Maritime Activity Reports, Inc.

April 14, 2014

Ethiopia's leading private oil marketer plans to expand into neighboring east African economies and is interested in part financing a refinery after commercial discoveries in the region.
 


Tadesse Tilahun, CEO of National Oil Ethiopia, said untapped crude deposits in Kenya and Uganda handed governments and investors the opportunity to construct a refinery able to compete with cheap imports from India, the Gulf and beyond.



Doing so would help African countries extract more value from their resources and cut their import bills, Tadesse said.



"Africa's demand for refined products is growing hugely because of its economic growth. The crude findings are also increasing. That is the opportunity," Tadesse said in Addis Ababa as part of the Reuters Africa Summit.



"We want to (build) a refinery. We have already discussed this in principle with our shareholders, who are very much committed."
 


National Oil's (NOC) shareholders include Saudi billionaire Mohammed Hussein Al Amoudi, whose investment portfolio in construction, gold, hotels and energy has helped amass an estimated fortune of over $15 billion, according to Forbes.



Tadesse said other private and public investors would need to come on board.
 


Eastern Uganda has become the latest frontier in the global hydrocarbon hunt after gas finds off Tanzania and Mozambique and oil discoveries in Uganda and Kenya.

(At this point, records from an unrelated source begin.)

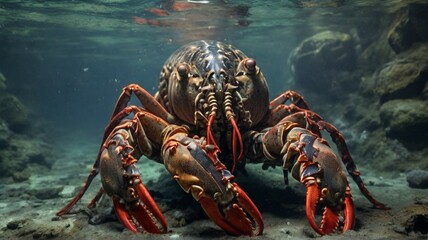 crayfish in aquarium - obrazy, fototapety, plakaty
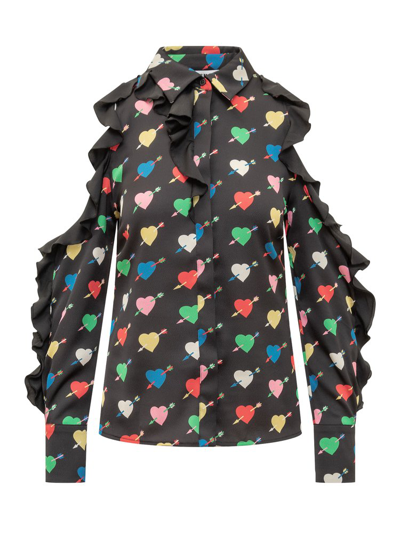 Shop Msgm Heart Printed Cut Out Sleeved Shirt In Multi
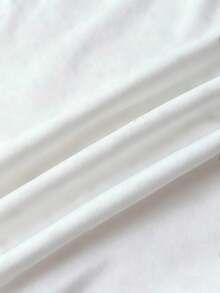 Teen Girls' White Knit Casual Minimalist Polka Dot Print Asymmetric Ruched Cropped Top, Suitable For Spring/Summer, Casual, Personalized Styling, Daily Wear Autumn Outfits , Easy Comfort Tops Suitable For Autumn/Winter Daily Wear,Street Style, Home Shirts For Teen Girl Off The Shoulder T Shirt Cute White Tops - White - View 6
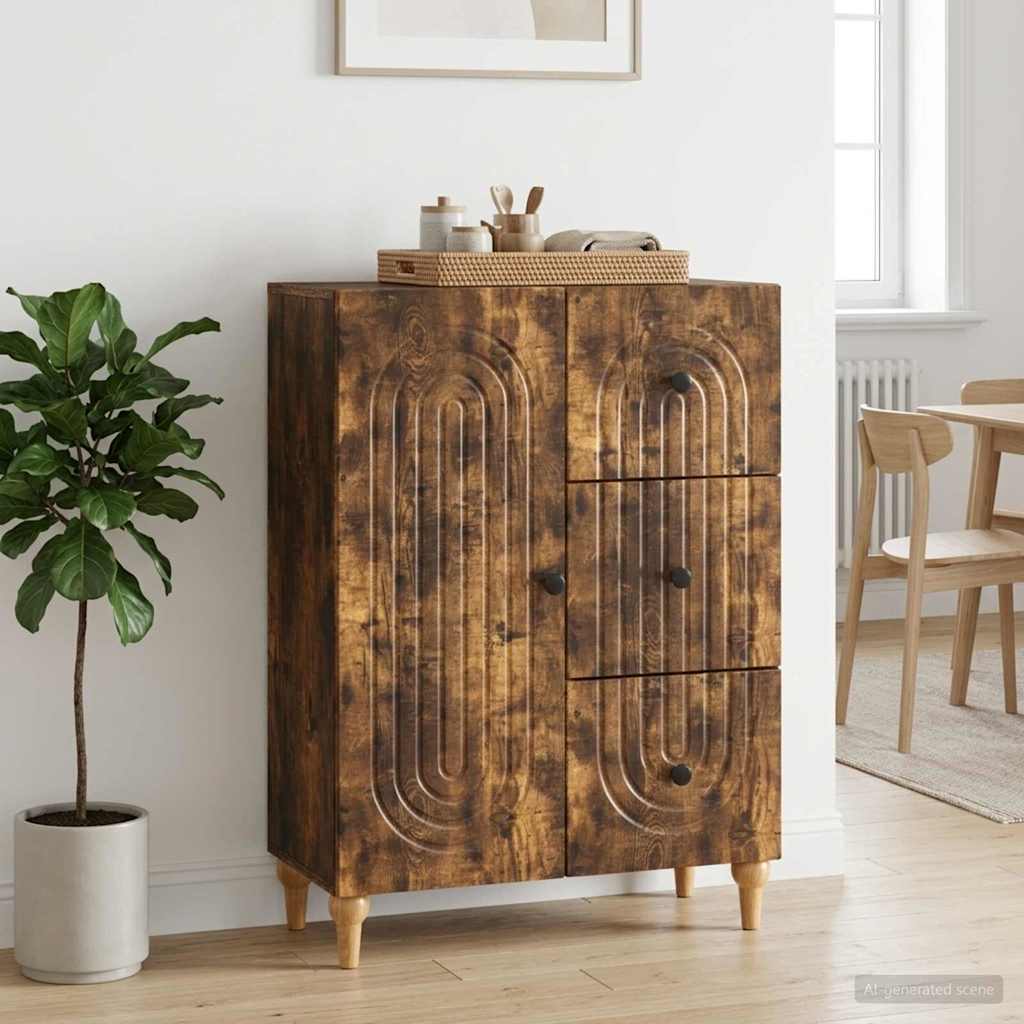 Sideboard Geräucherte Eiche 66 x 34,5 x 90 cm Holzwerkstoff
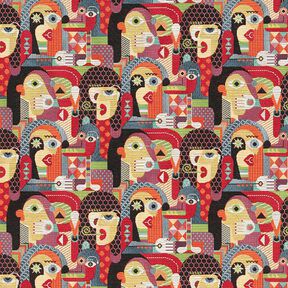 Abstract Faces Decor Tapestry Fabric – black, 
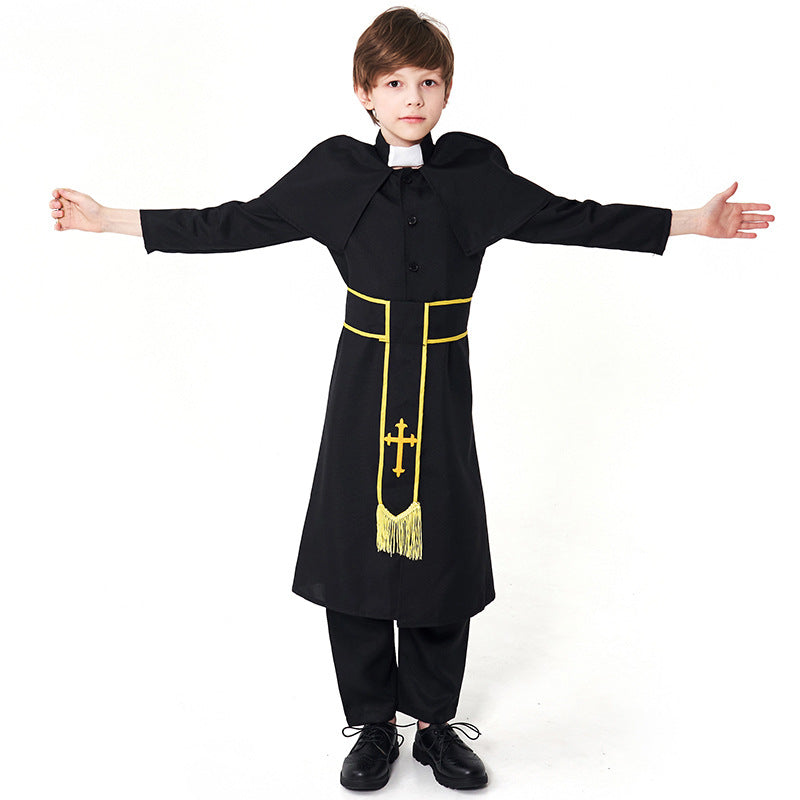 Halloween Kids' Black Robe Costume for Boys, Cosplay Stage Play Outfit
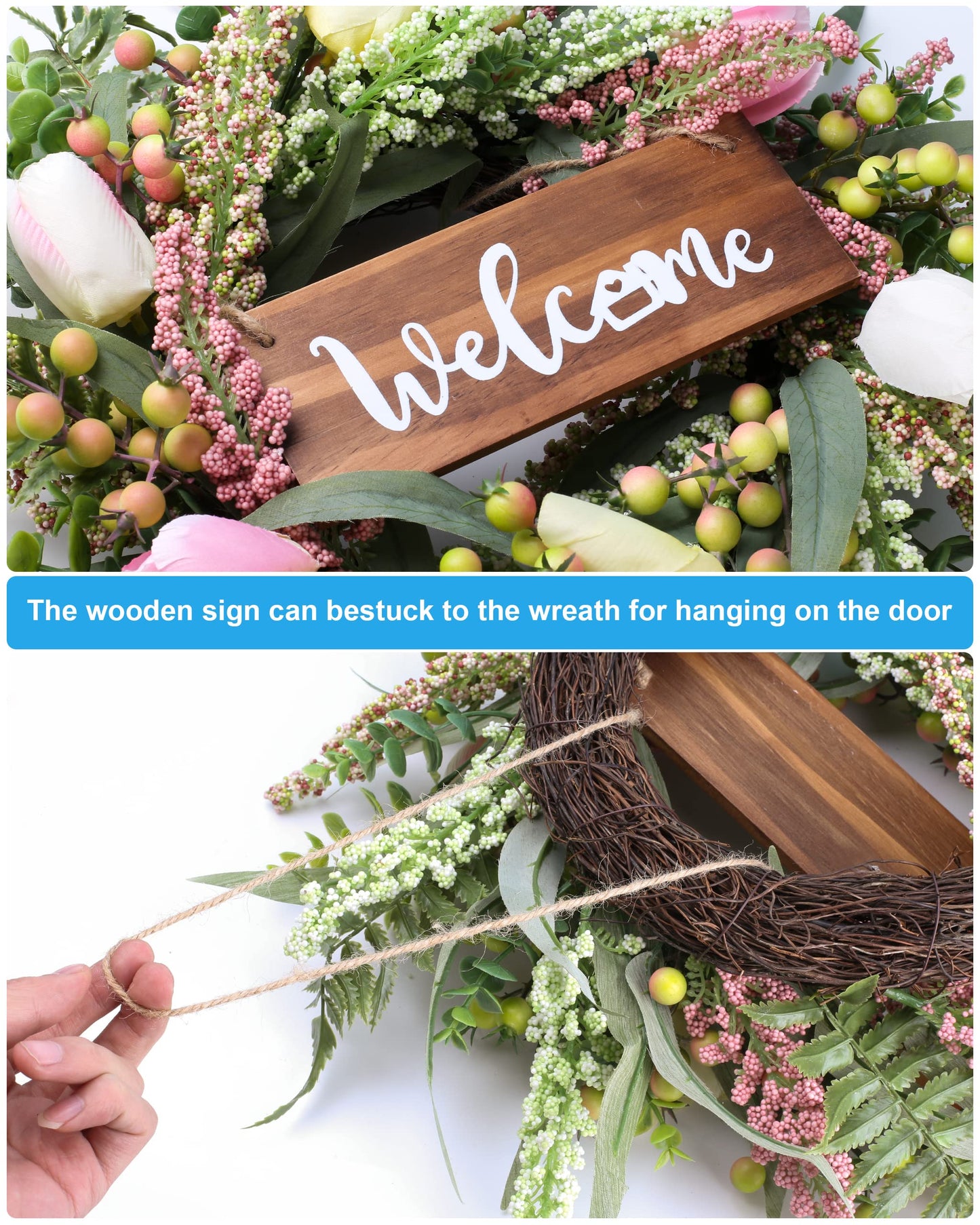 Wreaths for Front Door 20 Inch Spring Summer Tulip Wreath withTulip,Berries,Boxwood and Cattails Welcome Door Wreath, Porch, Window -Green Decor for Home, Farmhouse - Spring, Summer, Fall, All Seasons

Even so, Sub-Saharan Africa faces headwinds supplying more of its own refined petroleum products. Regional cooperation and funding for oil-related infrastructure are proving slow, while foreign oil refiners and traders are flooding the $80 billion market with imports.



Existing pipelines also tended to run to the coast, Tadesse said, either for the export of crude or the import of refined products from small-scale refineries found near ports.


 


"That has to change," Tadesse said. "Refineries are now needed inland so that Africa can supply itself."
 


Constraints
Tadesse acknowledged the price tag was problematic for many African countries. Oil production in Uganda has been delayed in part due to a row between the government and investors over the size - and thus cost - of a refinery in the country.



"It would be in our own interest, for all countries in this area, to have a common refinery, a joint facility, where we can take our own product," Tadesse said.



Kenya plans - but has made little progress towards - a new $2.8 billion refinery on its northern coast. Industry experts say Ugandan and Kenyan oil exports could reach 500,000 barrels per day - oil Tadesse would rather see stay in the region.
 


Founded in 2004, NOC now claims a 35 percent share of a market tightly controlled by the Ethiopian state. So too are other key sectors including banking, retail and telecoms, which the government says need shielding from foreign investors while the economy diversifies away from its agricultural base.



Tadesse said NOC had secured a license for fuel stations in neighbouring Djibouti and targeted expanding its downstream operations into Kenya within five years. Plans to enter South Sudan have been shelved due to the four-month conflict there.



"We want to be a regional player," Tadesse said.



Oil consumption has doubled in 10 years in Ethiopia, one of Sub-Saharan Africa's fastest-growing economies and now the region's fifth-largest after leap-frogging Kenya.
 


Demand for oil in Ethiopia is seen tripling by 2025, indicative of the economic transformation under way in Africa's second-most populous nation which is still better known abroad for the famine of 1984 and communist-era purges.



But the pace of NOC's expansion at home hinges on the government relaxing its grip on the industry.



Tadesse said the government imported all fuel products and set the market price, allowing fuel stations a margin of just 4 Ethiopian cents - roughly 0.2 U.S. cents - per litre. Land rights issues also hindered growth.
 


"In no way can that be attractive to investors," he said.